Here’s a photo that the Public Affairs Office photog took when Bella first saw her daddy after the big formation was finally released. The moment was so quick and emotional that I didn’t even notice any cameras around. Thank goodness I’d thought to give my camera to our pal Shawn or else I wouldn’t have had any photos either!
Background: We’d arrived earlier than most folks and found seats in the front row, within direct line of sight of the door that the returning soldiers would enter. Our sign was right in front of Bella and had several photos of Daddy as well as our family name. No “Welcome Home, Daddy” needed since that was the whole premise of the Welcome Home ceremony.
Sorry, didn’t mean to be snarky, but when signage real estate is at a premium and your family name is longer than a normal poster board allows, mama gets creative. So I took a clue from the hired car drivers at airports. On large white cardboard salvaged from a recently purchased queen size blanket package, I cut out large letters from magazines to spell out “Fugazzotto”. You could have seen it from 50 yards away. If Daddy couldn’t see it, someone around him sure could.

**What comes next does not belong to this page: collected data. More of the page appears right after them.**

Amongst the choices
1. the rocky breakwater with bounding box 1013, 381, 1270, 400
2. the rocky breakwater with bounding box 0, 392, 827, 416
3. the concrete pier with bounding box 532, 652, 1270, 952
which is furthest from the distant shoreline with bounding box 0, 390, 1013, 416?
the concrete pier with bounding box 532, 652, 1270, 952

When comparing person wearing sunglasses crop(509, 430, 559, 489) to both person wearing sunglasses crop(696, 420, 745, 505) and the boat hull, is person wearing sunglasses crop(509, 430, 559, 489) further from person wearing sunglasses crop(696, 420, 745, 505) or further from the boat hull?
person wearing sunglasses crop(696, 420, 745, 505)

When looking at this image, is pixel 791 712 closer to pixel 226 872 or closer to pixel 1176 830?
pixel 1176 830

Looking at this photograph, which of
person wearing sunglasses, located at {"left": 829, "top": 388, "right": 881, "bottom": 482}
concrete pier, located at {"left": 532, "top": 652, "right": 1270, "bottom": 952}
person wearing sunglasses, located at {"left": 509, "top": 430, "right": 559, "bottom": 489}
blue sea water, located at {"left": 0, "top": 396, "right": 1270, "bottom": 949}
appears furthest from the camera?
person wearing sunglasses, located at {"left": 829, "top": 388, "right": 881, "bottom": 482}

Anyway, he saw us right away before he was lost amidst a sea of Army camouflage. So when the huge group of soldiers were released, rather than try to meet him on the gym floor, we stayed put. A couple of seconds passed, or what felt like an eternity, all the while I could hear Bella asking “Where’s Daddy? Where’s Daddy?” looking just slightly in the wrong direction…THERE’S DADDY!

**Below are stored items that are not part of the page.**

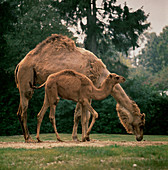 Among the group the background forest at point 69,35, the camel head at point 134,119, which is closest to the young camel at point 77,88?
the camel head at point 134,119

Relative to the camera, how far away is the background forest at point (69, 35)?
1891 centimetres

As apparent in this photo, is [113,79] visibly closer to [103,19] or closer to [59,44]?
[59,44]

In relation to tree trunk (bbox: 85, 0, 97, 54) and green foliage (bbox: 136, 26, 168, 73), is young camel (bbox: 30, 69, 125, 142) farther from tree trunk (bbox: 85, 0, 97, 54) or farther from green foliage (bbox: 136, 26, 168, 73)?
green foliage (bbox: 136, 26, 168, 73)

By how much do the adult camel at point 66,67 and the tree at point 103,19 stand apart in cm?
1266

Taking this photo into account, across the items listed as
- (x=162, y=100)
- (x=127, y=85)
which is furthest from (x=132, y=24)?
(x=162, y=100)

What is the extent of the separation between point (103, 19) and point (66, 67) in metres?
15.0

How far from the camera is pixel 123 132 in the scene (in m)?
19.1

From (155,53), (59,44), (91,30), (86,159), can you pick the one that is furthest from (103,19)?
(155,53)

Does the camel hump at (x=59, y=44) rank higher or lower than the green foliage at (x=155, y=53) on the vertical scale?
lower

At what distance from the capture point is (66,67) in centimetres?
1054

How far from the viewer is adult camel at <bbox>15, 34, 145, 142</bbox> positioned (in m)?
10.4

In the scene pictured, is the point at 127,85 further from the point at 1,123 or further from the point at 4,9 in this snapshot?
the point at 4,9

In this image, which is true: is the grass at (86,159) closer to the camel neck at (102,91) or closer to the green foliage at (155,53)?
the camel neck at (102,91)

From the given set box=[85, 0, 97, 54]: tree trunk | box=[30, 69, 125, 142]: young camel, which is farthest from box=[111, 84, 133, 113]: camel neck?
box=[85, 0, 97, 54]: tree trunk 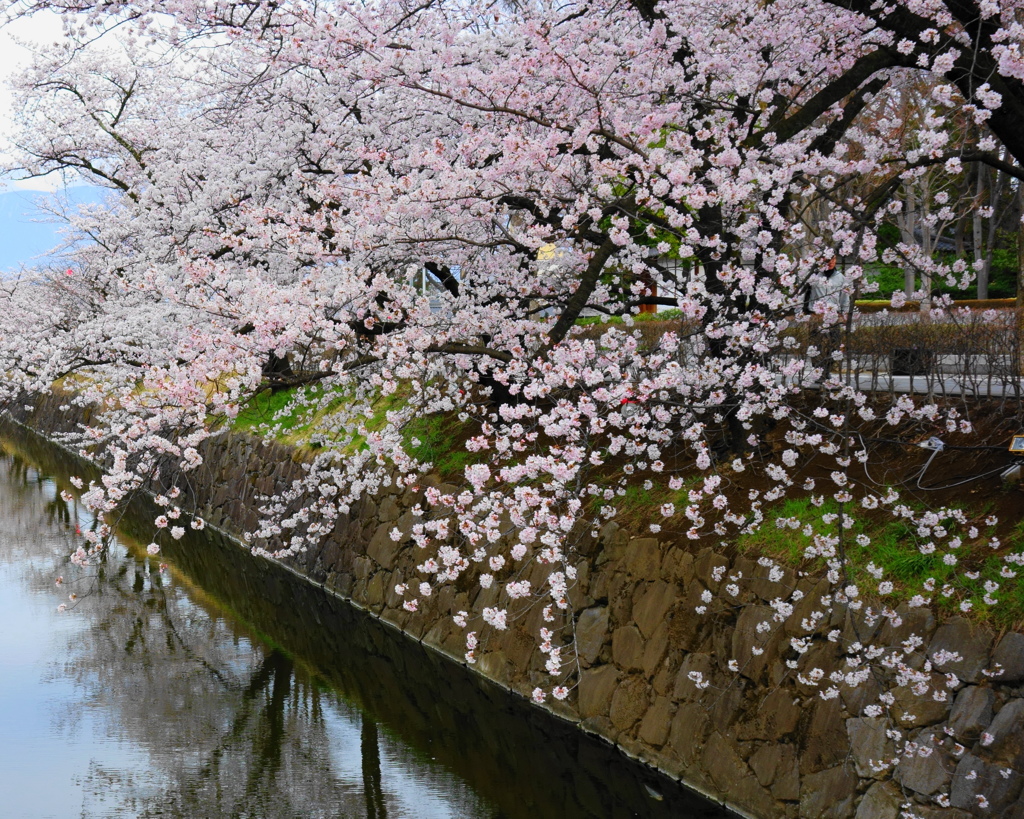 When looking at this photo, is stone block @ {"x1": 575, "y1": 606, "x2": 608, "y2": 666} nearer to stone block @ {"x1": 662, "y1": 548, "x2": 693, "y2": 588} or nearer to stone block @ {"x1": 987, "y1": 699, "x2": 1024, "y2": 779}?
stone block @ {"x1": 662, "y1": 548, "x2": 693, "y2": 588}

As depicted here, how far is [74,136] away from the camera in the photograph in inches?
781

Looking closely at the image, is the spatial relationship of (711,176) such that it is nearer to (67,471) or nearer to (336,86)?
(336,86)

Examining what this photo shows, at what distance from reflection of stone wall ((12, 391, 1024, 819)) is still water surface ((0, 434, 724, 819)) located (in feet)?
1.22

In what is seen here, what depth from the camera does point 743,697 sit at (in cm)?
673

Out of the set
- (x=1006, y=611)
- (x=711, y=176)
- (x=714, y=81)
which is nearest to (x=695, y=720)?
(x=1006, y=611)

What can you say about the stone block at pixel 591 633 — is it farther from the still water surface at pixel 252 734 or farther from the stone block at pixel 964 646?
the stone block at pixel 964 646

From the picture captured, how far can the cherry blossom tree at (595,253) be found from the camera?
6633mm

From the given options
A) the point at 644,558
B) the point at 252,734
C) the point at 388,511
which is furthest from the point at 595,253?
Result: the point at 252,734

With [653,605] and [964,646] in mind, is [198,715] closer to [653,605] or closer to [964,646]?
[653,605]

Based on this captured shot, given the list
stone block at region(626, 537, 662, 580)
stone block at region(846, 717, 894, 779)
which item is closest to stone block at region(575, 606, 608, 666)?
stone block at region(626, 537, 662, 580)

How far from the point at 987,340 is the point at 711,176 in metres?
2.45

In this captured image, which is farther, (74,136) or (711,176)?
(74,136)

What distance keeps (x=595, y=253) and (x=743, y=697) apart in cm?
369

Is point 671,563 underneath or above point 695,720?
above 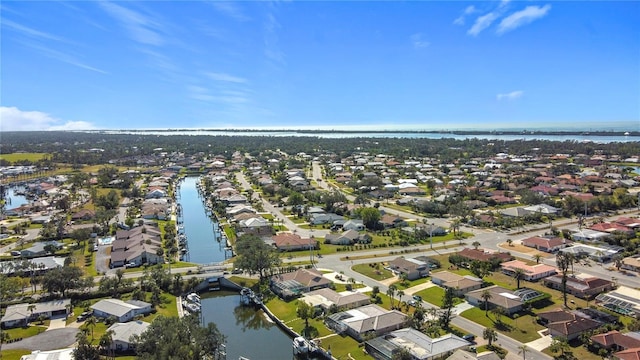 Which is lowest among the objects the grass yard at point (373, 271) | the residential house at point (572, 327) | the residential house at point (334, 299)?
the grass yard at point (373, 271)

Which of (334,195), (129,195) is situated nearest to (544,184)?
(334,195)

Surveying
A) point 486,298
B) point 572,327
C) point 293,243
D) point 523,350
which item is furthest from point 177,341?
point 293,243

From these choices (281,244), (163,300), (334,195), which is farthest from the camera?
(334,195)

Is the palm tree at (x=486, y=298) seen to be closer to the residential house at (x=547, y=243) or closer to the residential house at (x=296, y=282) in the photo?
the residential house at (x=296, y=282)

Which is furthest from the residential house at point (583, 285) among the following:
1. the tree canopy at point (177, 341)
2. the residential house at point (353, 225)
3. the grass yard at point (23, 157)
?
the grass yard at point (23, 157)

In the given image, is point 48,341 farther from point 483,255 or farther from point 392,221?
point 392,221

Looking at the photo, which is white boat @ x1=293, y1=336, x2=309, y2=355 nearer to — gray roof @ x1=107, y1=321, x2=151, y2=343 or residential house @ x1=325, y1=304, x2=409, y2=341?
residential house @ x1=325, y1=304, x2=409, y2=341

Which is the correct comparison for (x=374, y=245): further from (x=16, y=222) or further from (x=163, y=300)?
(x=16, y=222) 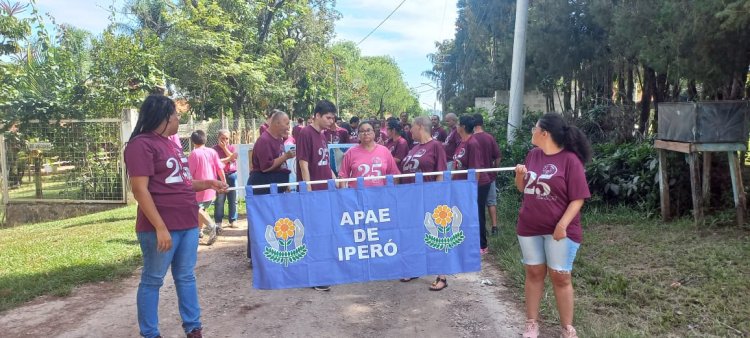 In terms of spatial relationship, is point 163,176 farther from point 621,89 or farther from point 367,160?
point 621,89

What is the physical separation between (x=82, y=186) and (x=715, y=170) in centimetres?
1264

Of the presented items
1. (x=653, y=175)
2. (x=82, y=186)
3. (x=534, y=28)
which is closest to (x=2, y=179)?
(x=82, y=186)

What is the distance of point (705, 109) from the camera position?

I’d imagined all the wrong reunion scenarios…should we run to meet him? Nope, we would have been run over by the tweens who were sitting behind us, ironically looking for Daddy’s roomie, Mr. Frank. Should I wear a trench coat and lingerie (or nothing?)? Um, no, that would have been hard to explain to Bella. Well, it WAS a little chilly, so the coat would have been ok. tee hee
Should I hire a personal photographer to record our reunion? No, I wasn’t that organized in the end and decided I’d bring my camera to take photos myself. I hoped I could find someone to take a family photo when the moment arrived (thank goodness our pal Shawn was able to be there for camera duty).
Should we wear matching outfits? We did well enough to be in dresses since my normal uniform nowadays is skinny jeans and a jacket or sweater combo. I did see some awfully cute mom-daughter combinations though! and I loved seeing the boys in shirts and ties to see their dads! (If he goes away again, maybe we’ll try matching outfits… but I’m not holding my breath for that day)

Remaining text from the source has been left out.